This horrible affair came in due course before the grand jury of St. Louis for investigation, and a Judge, who bore the apposite name of Lawless, was required to charge said jury with regard to it. Here is a specimen of his charge:

If, on the other hand, the destruction of the murderer of Hammond was the act, as I have said, of the many — of the multitude, in the ordinary sense of these words — not the act of numerable and ascertainable malefactors, but of congregated thousands, seized upon and impelled by that mysterious, metaphysical, and almost electric frenzy, which, in all ages and nations, has hurried on the infuriated multitude to deeds of death and destruction — then, I say, act not at all in the matter; the case then transcends1 your jurisdiction — it is beyond the reach of human law!!!

On this charge, Mr.
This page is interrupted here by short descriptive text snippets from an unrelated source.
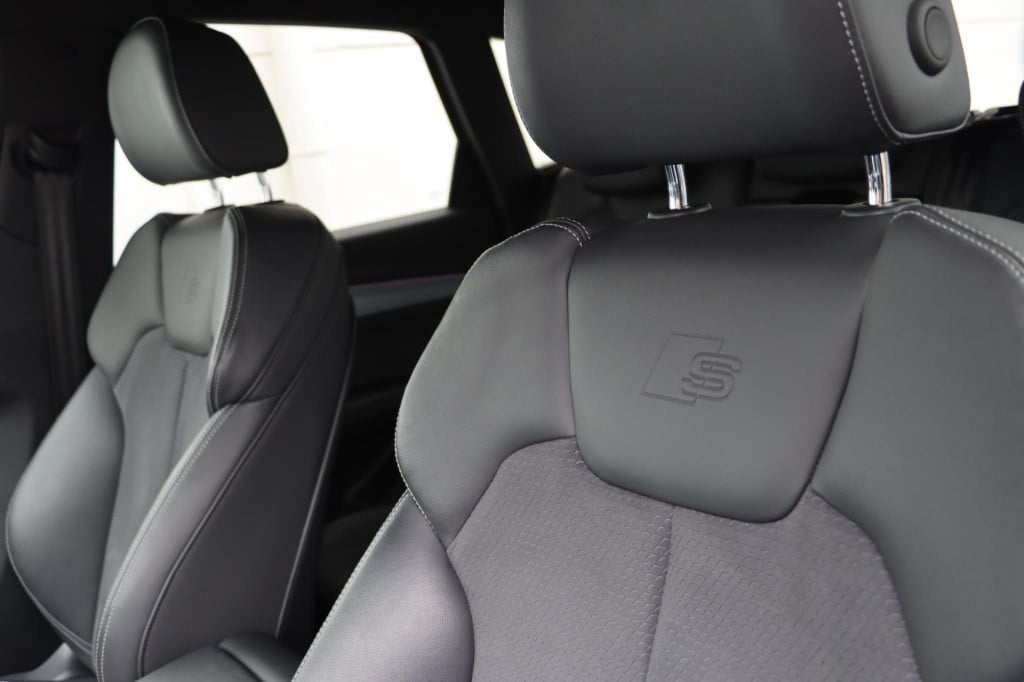 Audi Q5 55 tfsi e quattro s edition competition 367pk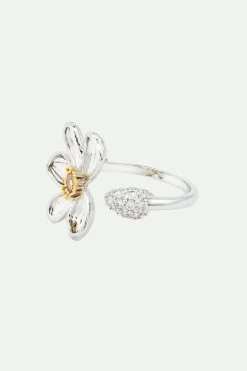 Les Néréides Bague Ajustable Marguerite Et Pétale Pavé De Cristaux Blancs -Les Néréides fr 0e9325b5 e418 4f3a ae6b 29257109cb21
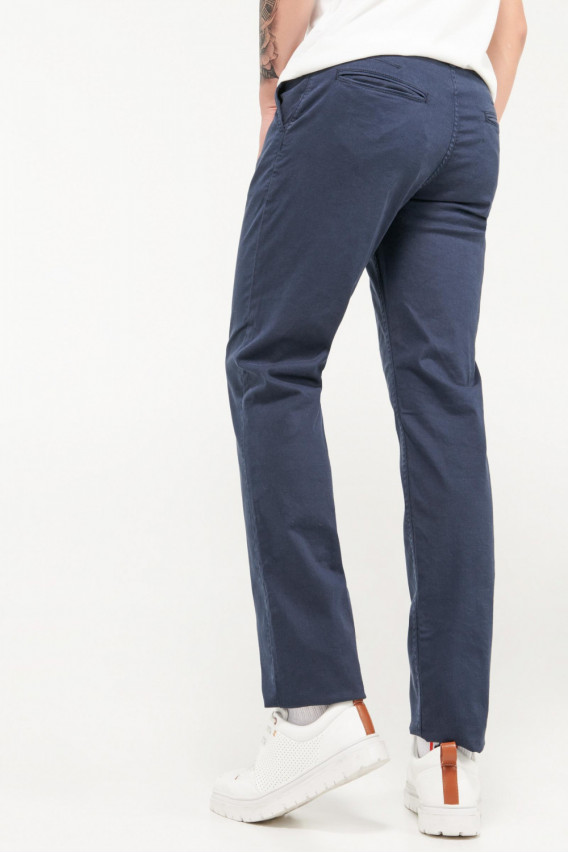 Pantalón unicolor tipo chino slim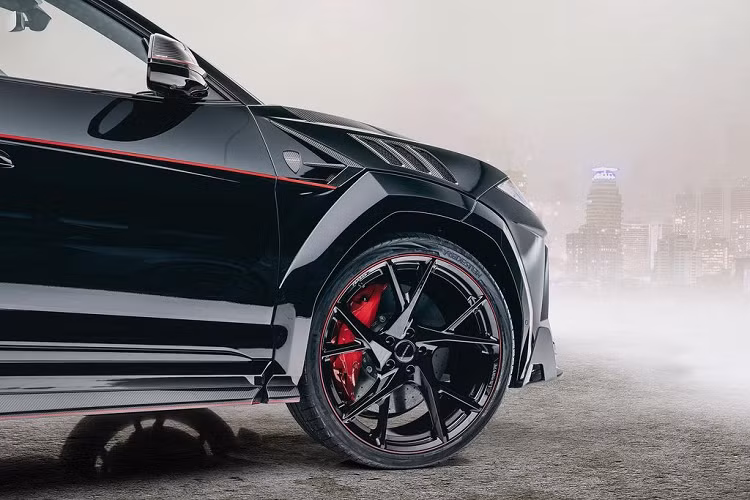 Mặt bên của chiếc SUV thể thao Lamborghini cũng trở nên táo bạo hơn với các phần ốp bánh xe phình to ở cả trước và sau, các khe hút gió bên dưới gương chiếu hậu, bộ vây bên độc đáo và đặc biệt là bộ mâm cỡ lớn với kiểu thiết kế “chằng chịt”.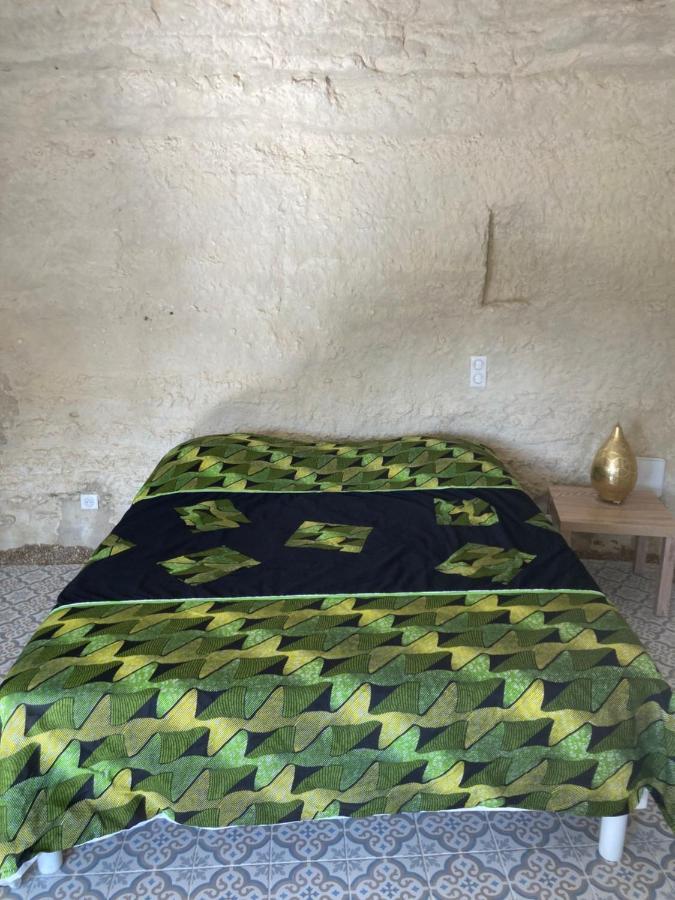 Nuit Insolite Dans Une Troglodyte ! Villa Nazelles-Negron Екстериор снимка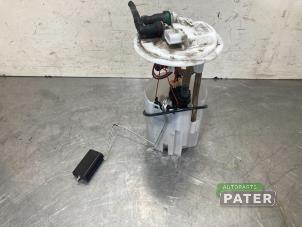 Used Booster pump Renault Trafic (1FL/2FL/3FL/4FL) 1.6 dCi 95 Price € 76,23 Inclusive VAT offered by Autoparts Pater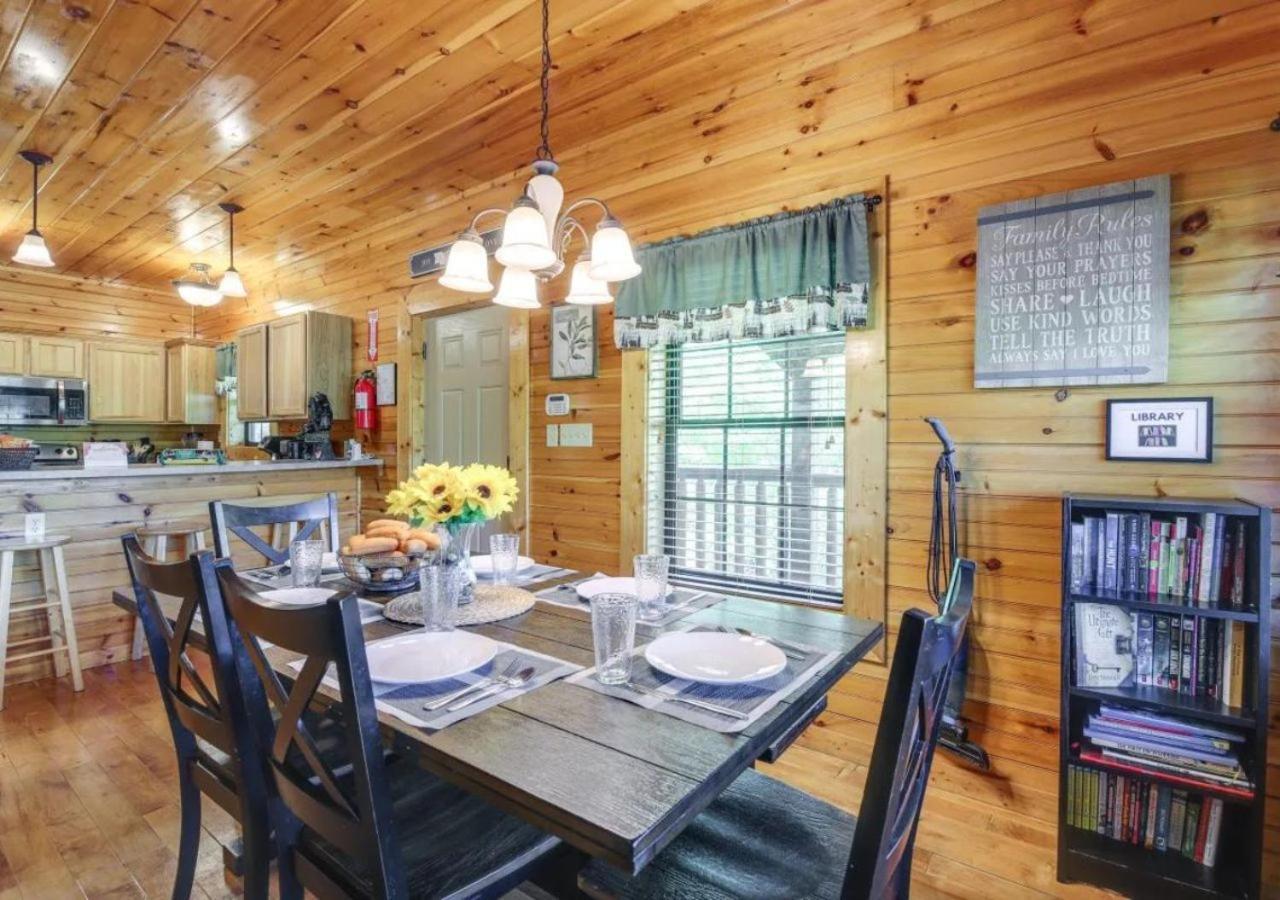 Fabulous Pet-Friendly, Family Cabin With Outdoor Kitchen, Hot Tub, Sauna, Fireplace, Theater Room, Arcade, Pool Table, And Fire Pit Within Minuties Of Dollywood Sevierville Exterior foto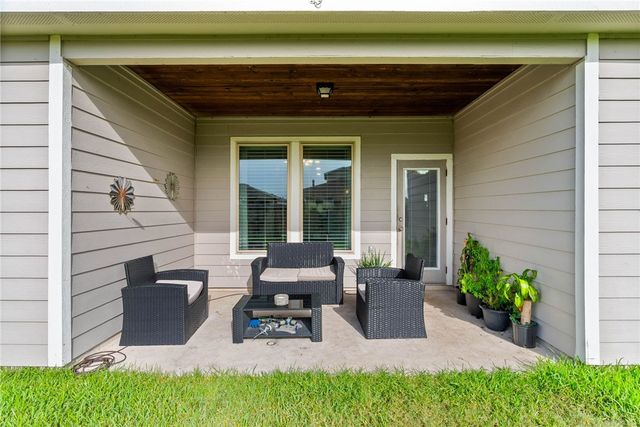 2233 Ruby Dr, Corpus Christi, TX 78414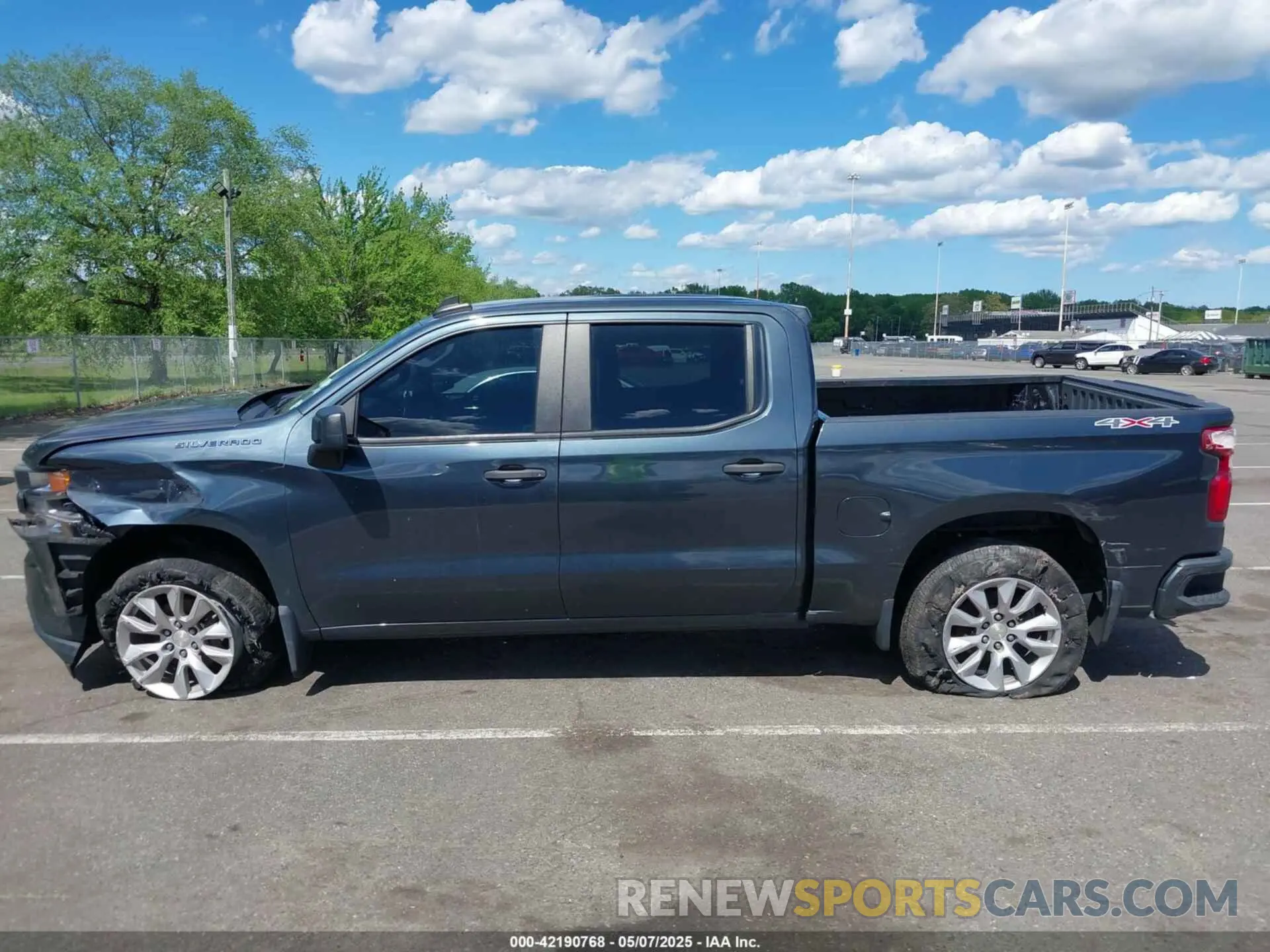 14 Photograph of a damaged car 3GCPYBEH5LG312154 CHEVROLET SILVERADO 1500 2020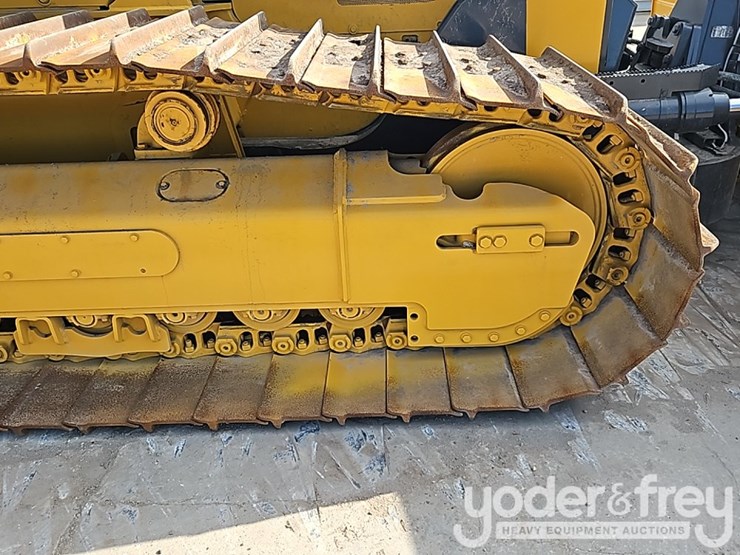 2022-deere-750l-image-13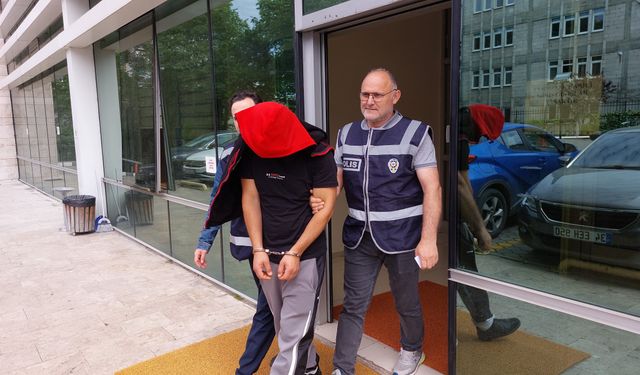 Evine misafirliğe gittiği kadını taciz etti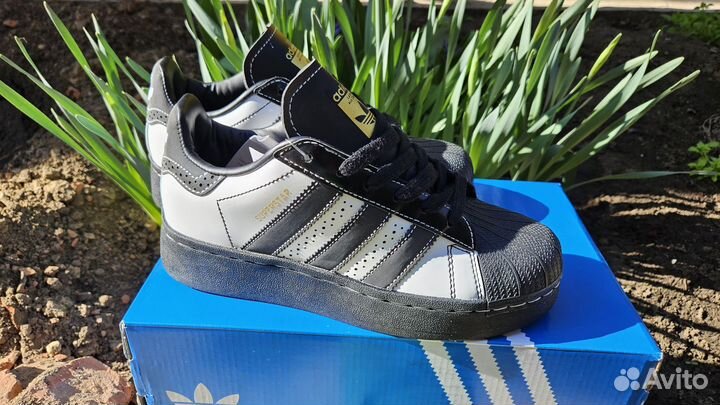 Adidas Superstar xlg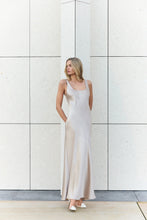 Load image into Gallery viewer, Adelaide Maxi Dress | Esmaee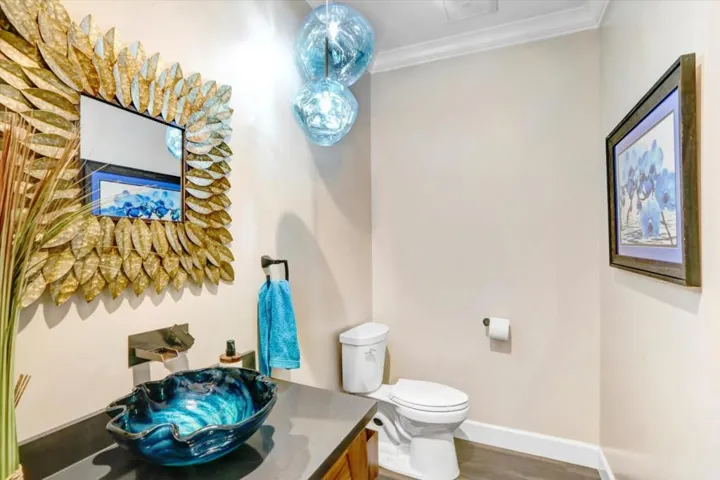 695 Quietwater, Santa Rosa, California 95404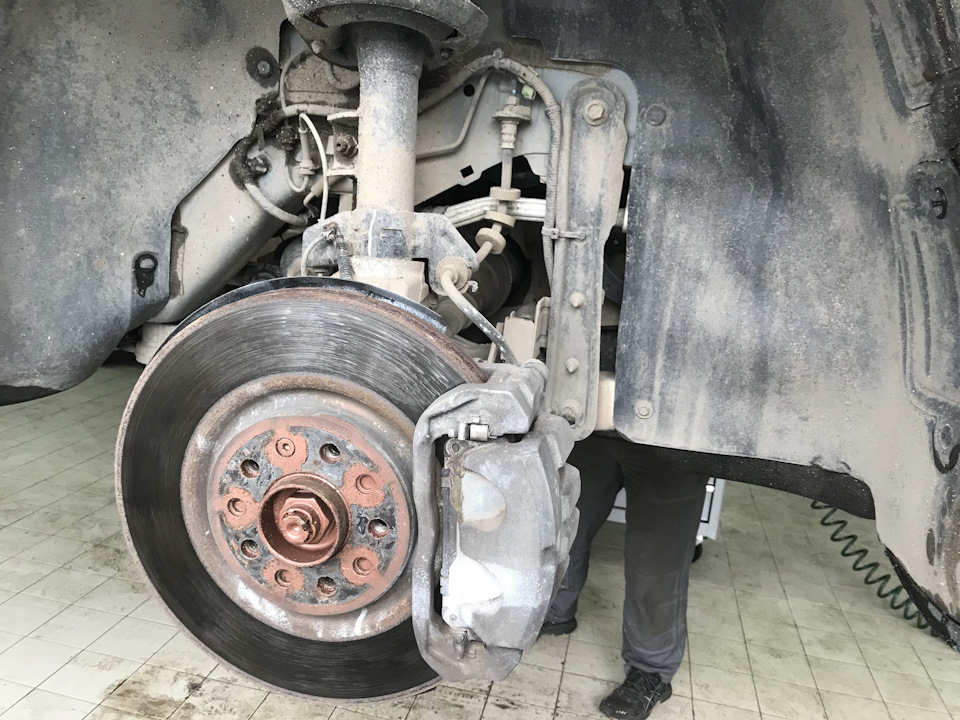 Использование медной смазки — Jeep Cherokee (KL), 2,4 л, 2014 года ...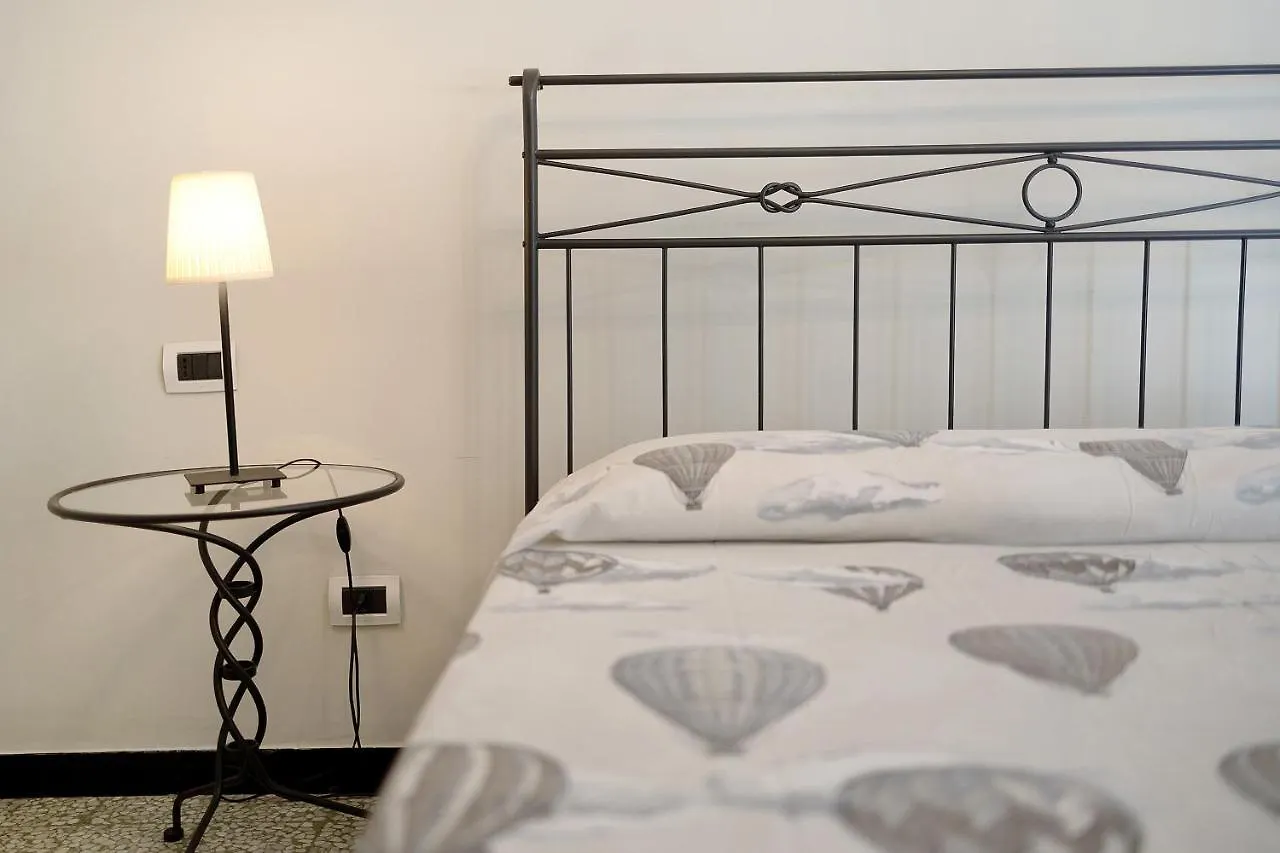Apartment Appartamento La Buraggia Diano San Pietro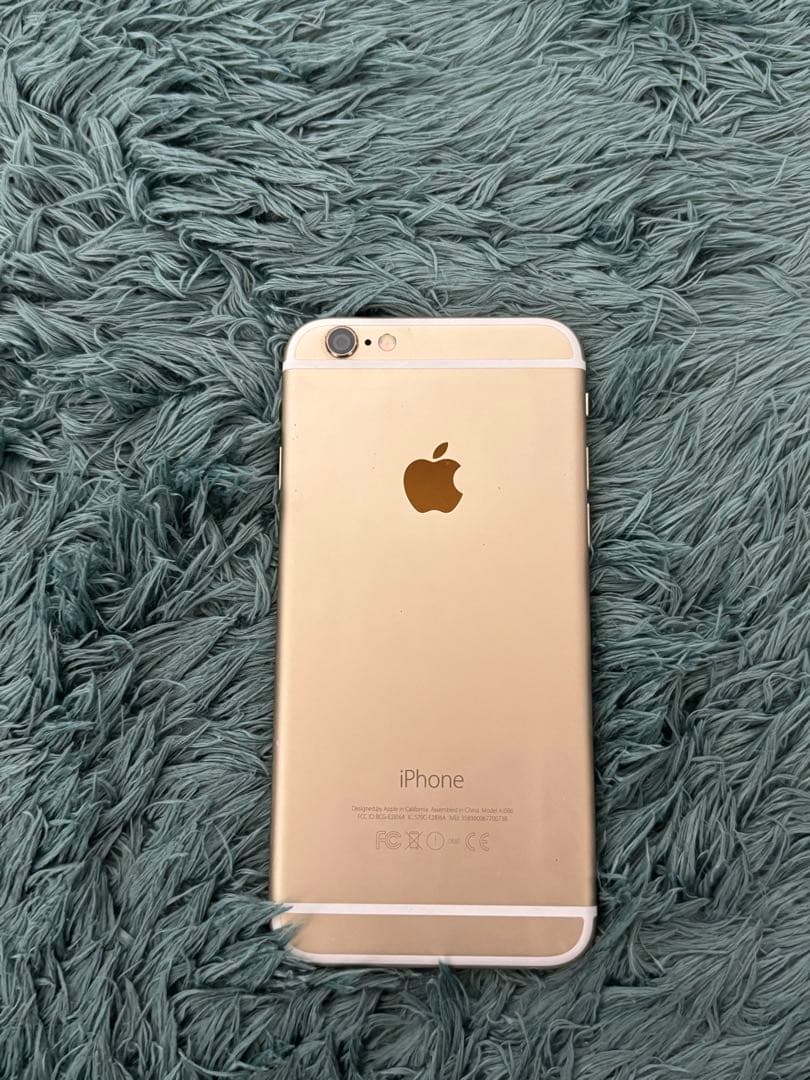Apple iPhone 6 ゴールド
Lovejoy commented with entire unreserve; whereupon a mob surrounded and tore down his office — although, in the issue which contained his strictures, he had announced his decision to remove the paper to Alton, believing that it would be there more useful and better supported than at St. Louis. His first issue at Alton is dated September 8th.

Meantime, his press was taken from St. Louis, by steamboat, to Alton, and landed on the bank about daylight on Sunday morning. It lay there in safety through the Sabbath; but, before the next morning, it had been destroyed by some five or six individuals. On Monday, a meeting of citizens was held, and a pledge voluntarily given to make good to Mr. Lovejoy his loss. The meeting passed some resolutions condemnatory of Abolitionism, and Mr. Lovejoy assured them that he had not come to Alton to establish an abolition, but a religious, journal; that he was not an Abolitionist, as they understood the term, but was an uncompromising enemy of Slavery, and so expected to live and die.

He started for Cincinnati to procure new printing materials, was taken sick on the way, and, upon reaching Louisville, on his return, was impelled by increasing illness to stop. He remained there sick, in the house of a friend, for a week, and was still quite ill after his return.

The Observer was issued regularly

1 “Higher law” again--fourteen years ahead of Gov. Seward.